CAPTION: Attorney-General Aiyaz Sayed-Khaiyum. File Photo.
Speaking at the 6th Asia Pacific Telecommunity (APT) Forum, Attorney-General and Minister for Communications Aiyaz Sayed-Khaiyum stressed the importance of close regional cooperation to ensure that no one in the Pacific is left behind by the digital revolution.
“In the Pacific, we share the optimism of the rest of the developing world that information and communication technology can revolutionise the lives of our people through empowering them with information and opportunity – that it can break down barriers between those at the center and those on the margins – the divide between rich and poor, the divide between the urban and rural,” the AG said.
But he warned that if the benefits of ICT development were not spread equally to all within a country then the digital age could in fact create even greater disparities between those with access to affordable technology and those without.
He explained that, in the Pacific, commercially unviable markets and remote populations are common problems that demand innovative solutions.
“The matter of regional cooperation couldn’t be more important. Forums like this are crucial because they allow us to share experiences, discuss challenges, and spread knowledge that is unique to our respective countries,” the Attorney-General said.

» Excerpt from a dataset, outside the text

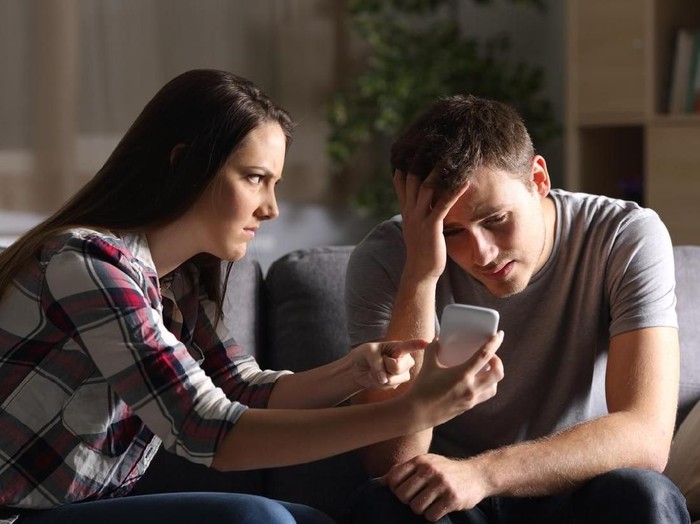 1078159390 Loving young husband hold crying wife hand showing empathy and support, millennial couple sit on couch at home reconcile after fight, caring man making peace with beloved woman. Relationships concept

The AG cited Tonga’s recent connection to the Southern Cross cable in Fiji as an example of Pacific island countries working together to improve ICT services for ordinary people.
But he also stressed that cooperation meant sharing ideas. He took the opportunity to update the forum on some of the innovative ways the Bainimarama Government was working to provide all Fijians access to affordable mobile and broadband services.
The AG discussed the Government’s market reforms, Universal Access Program, the recent auction of 4G spectrum, the “Telecentre” initiative, Fiji’s national broadband plan, and the development of a domestic internet exchange point, or IXP.
He also announced that the Government is finalising laws that will facilitate infrastructure sharing between service providers.
“This will mean that a company will be able to pay a fee to share another company’s pre-existing infrastructure – such as cell towers – rather than having to build their own. This will dramatically reduce operating costs for service providers and in turn should lead to better coverage and more choice for Fijians, especially those living in rural communities,” the AG said.
Country updates were also given by the Prime Minister of Tonga, Lord Tu’ivakano, the Minister of Communications and Information Technology from Samoa, Tuisugaletauá Ali’imalemanu Sofara Aveau, the Minister for Communications from Kiribati, Taberannang Timeon, and the Minister for Communication from Solomon Islands, Walter Folo Talu.